▸ **Data for analysis**
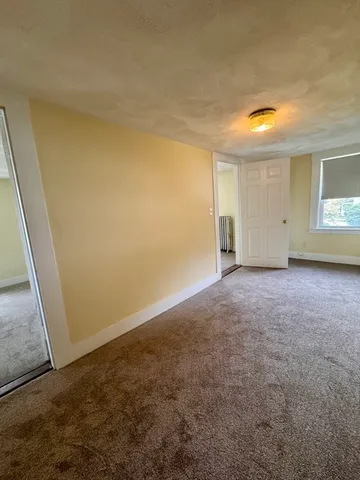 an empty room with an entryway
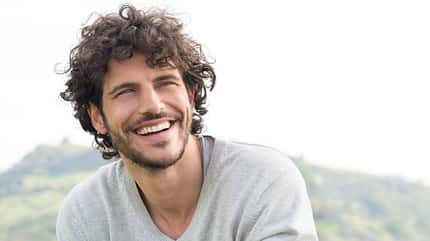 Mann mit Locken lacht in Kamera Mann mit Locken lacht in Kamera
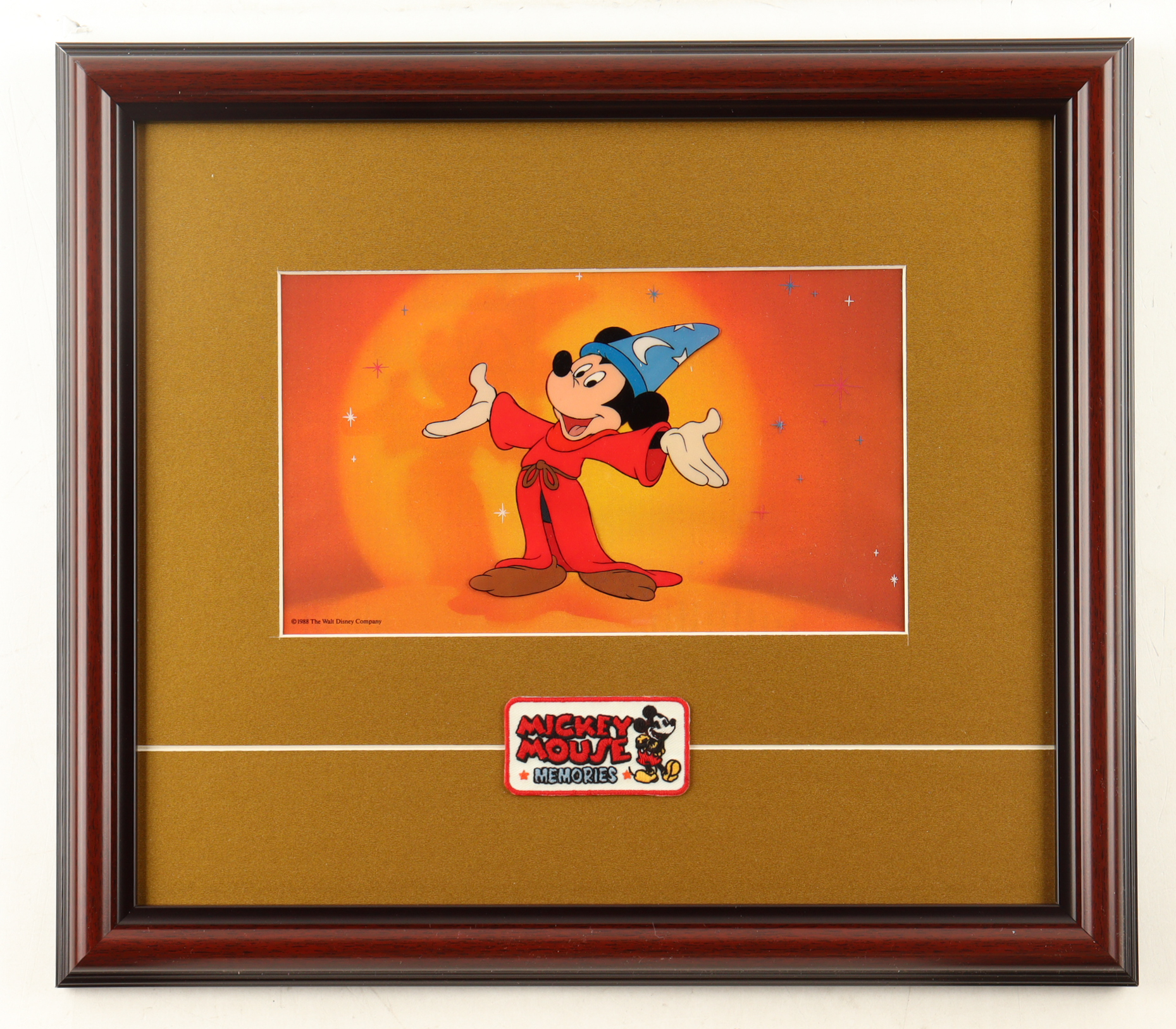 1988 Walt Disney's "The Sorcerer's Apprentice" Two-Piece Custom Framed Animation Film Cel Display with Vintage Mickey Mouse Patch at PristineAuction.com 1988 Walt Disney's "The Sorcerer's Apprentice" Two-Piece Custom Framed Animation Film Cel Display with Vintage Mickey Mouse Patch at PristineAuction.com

---

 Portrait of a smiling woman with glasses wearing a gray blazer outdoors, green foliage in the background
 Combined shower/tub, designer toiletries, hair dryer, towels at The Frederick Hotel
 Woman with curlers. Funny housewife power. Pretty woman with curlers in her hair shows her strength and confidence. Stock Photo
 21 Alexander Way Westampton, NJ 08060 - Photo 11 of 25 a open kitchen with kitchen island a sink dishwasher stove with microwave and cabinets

---

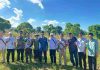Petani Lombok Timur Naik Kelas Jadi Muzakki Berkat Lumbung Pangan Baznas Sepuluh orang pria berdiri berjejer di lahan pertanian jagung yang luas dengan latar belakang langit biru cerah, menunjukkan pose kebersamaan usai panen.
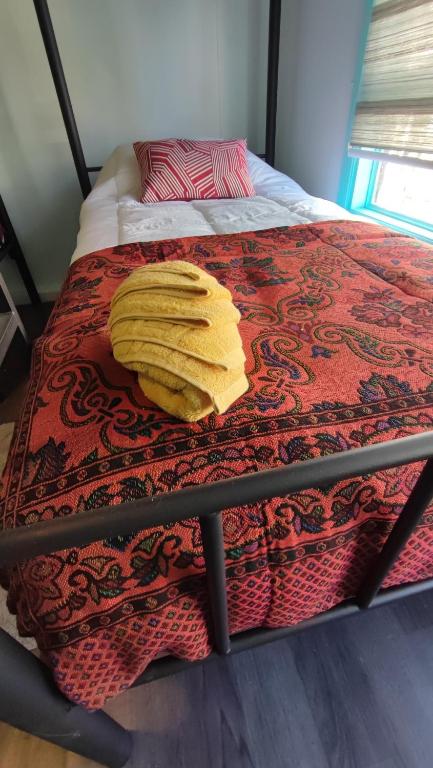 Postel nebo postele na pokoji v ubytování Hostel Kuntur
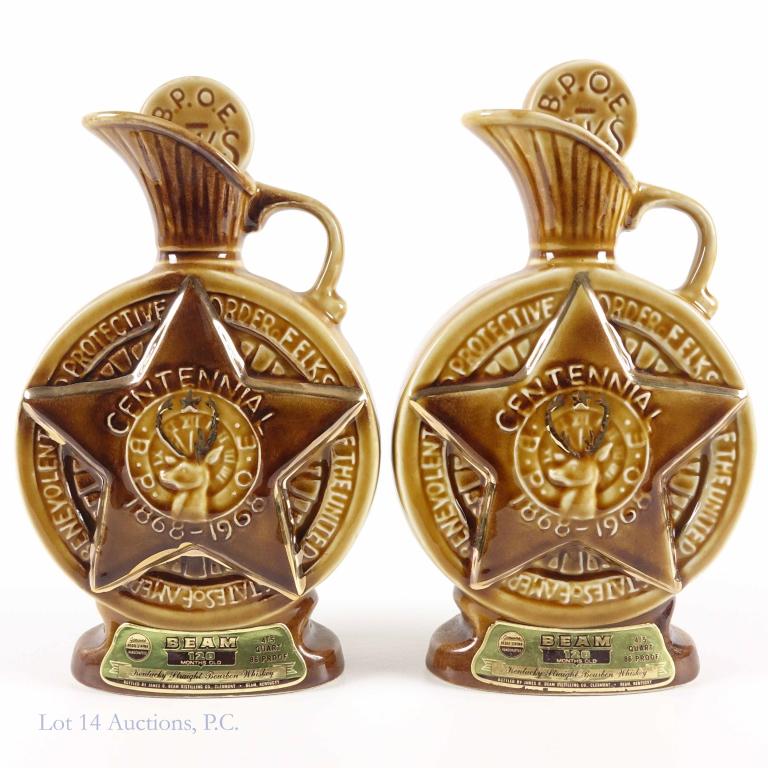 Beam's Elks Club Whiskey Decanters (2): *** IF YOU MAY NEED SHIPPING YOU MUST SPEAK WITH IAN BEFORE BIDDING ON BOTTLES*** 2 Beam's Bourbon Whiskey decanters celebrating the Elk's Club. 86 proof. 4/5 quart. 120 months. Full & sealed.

▸ **What to work on**
Select all lines in the listing that include the word "Photo".

▸ **Solution to the problem**
 Woman with curlers. Funny housewife power. Pretty woman with curlers in her hair shows her strength and confidence. Stock Photo
 21 Alexander Way Westampton, NJ 08060 - Photo 11 of 25 a open kitchen with kitchen island a sink dishwasher stove with microwave and cabinets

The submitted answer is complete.